## ABOUT THIS EXERCISE
All pictures must be left out as you transcribe the lines from the first line of the data to the line containing "内装他(備品や設備仕様は号室等により異なります現地をご確認ください。)", both included.
Start of Block
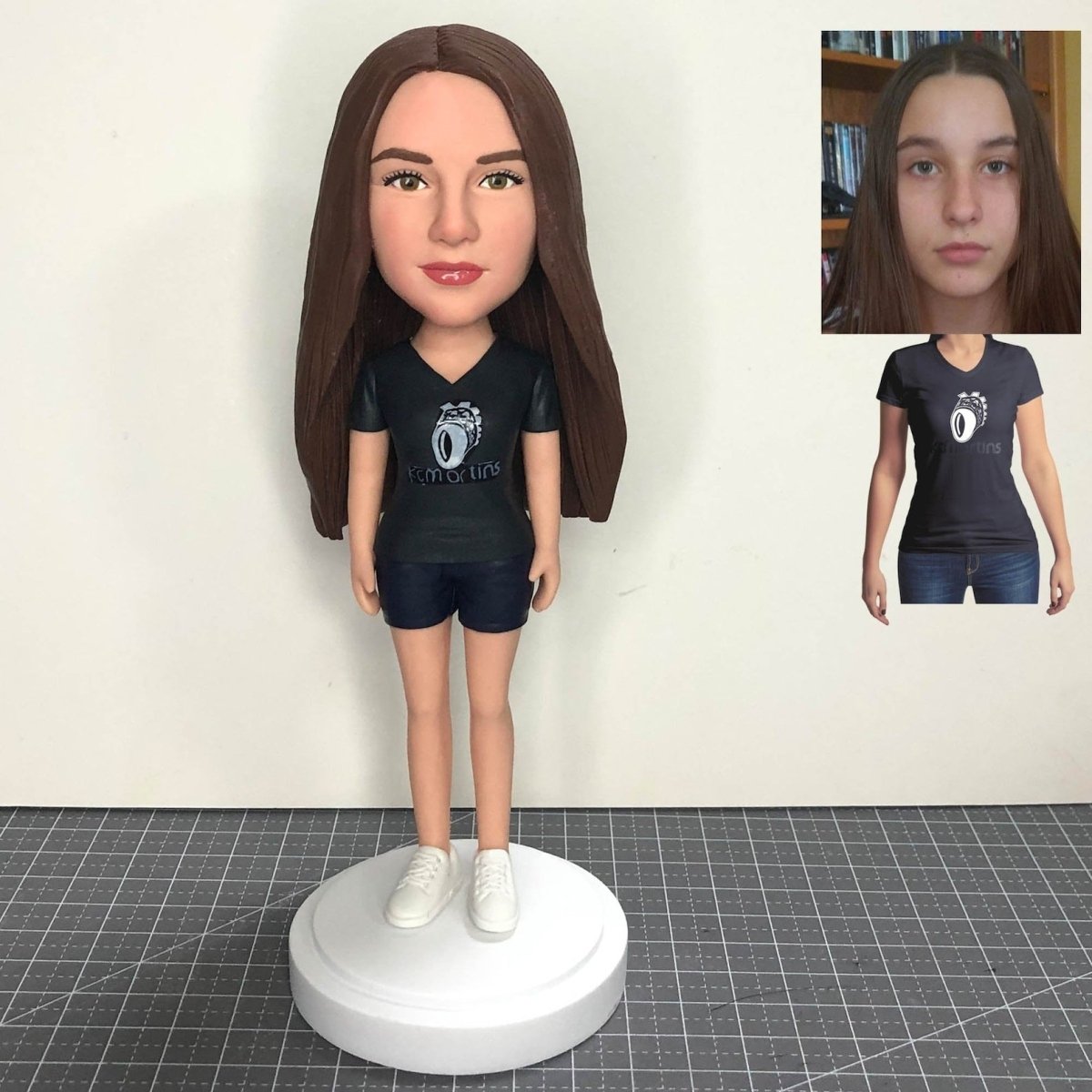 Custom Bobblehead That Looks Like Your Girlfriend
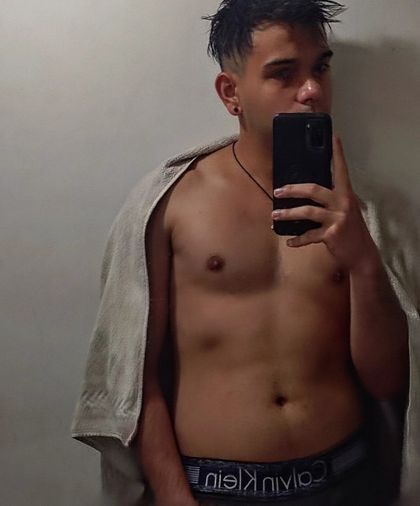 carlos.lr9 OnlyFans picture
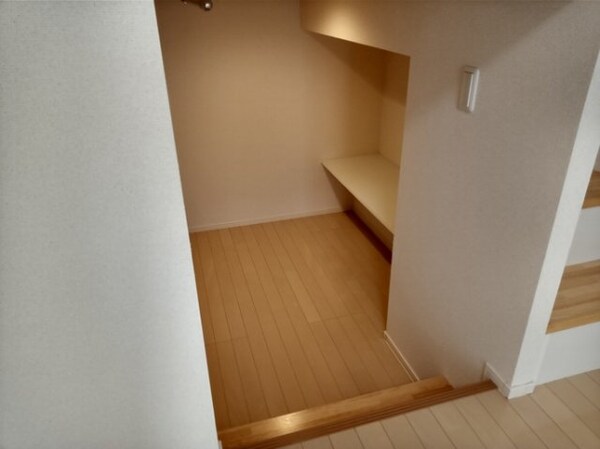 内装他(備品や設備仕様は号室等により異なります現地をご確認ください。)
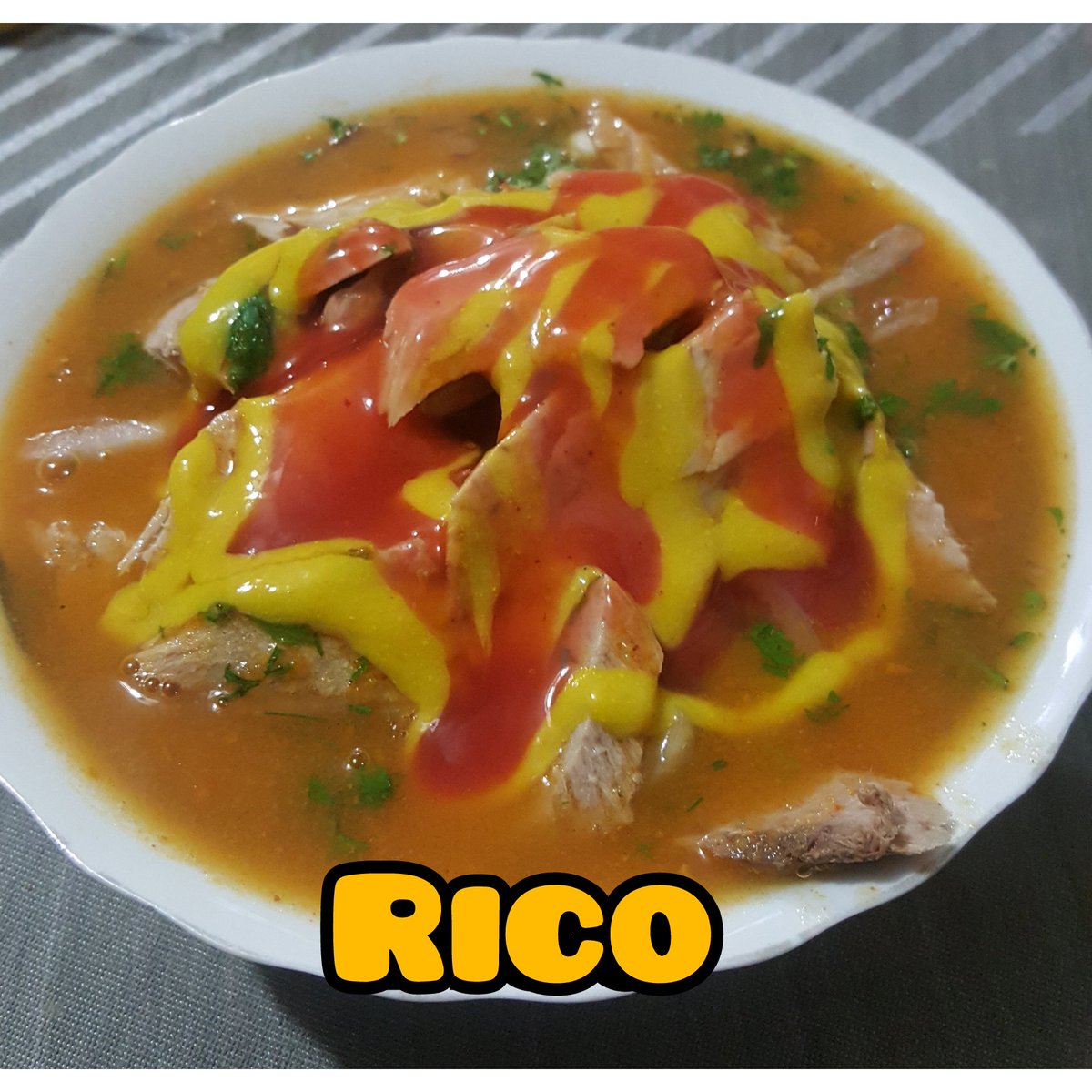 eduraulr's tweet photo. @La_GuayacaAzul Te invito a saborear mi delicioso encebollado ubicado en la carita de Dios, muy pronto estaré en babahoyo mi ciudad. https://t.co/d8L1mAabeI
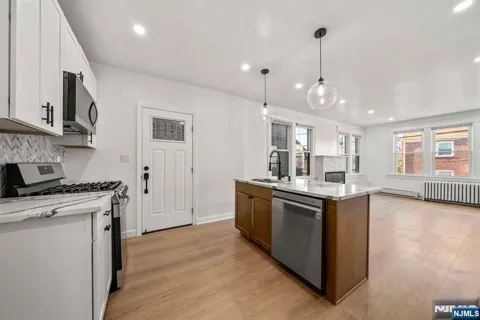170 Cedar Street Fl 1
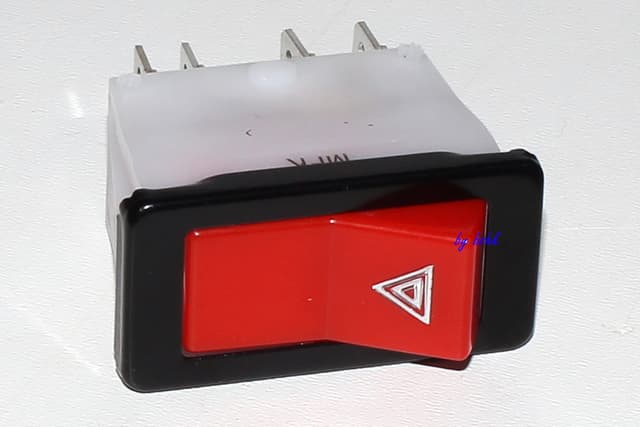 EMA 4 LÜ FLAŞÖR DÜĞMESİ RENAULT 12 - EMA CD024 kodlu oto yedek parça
End of Block
## WRITTEN ANSWER
 Custom Bobblehead That Looks Like Your Girlfriend
 carlos.lr9 OnlyFans picture
 内装他(備品や設備仕様は号室等により異なります現地をご確認ください。)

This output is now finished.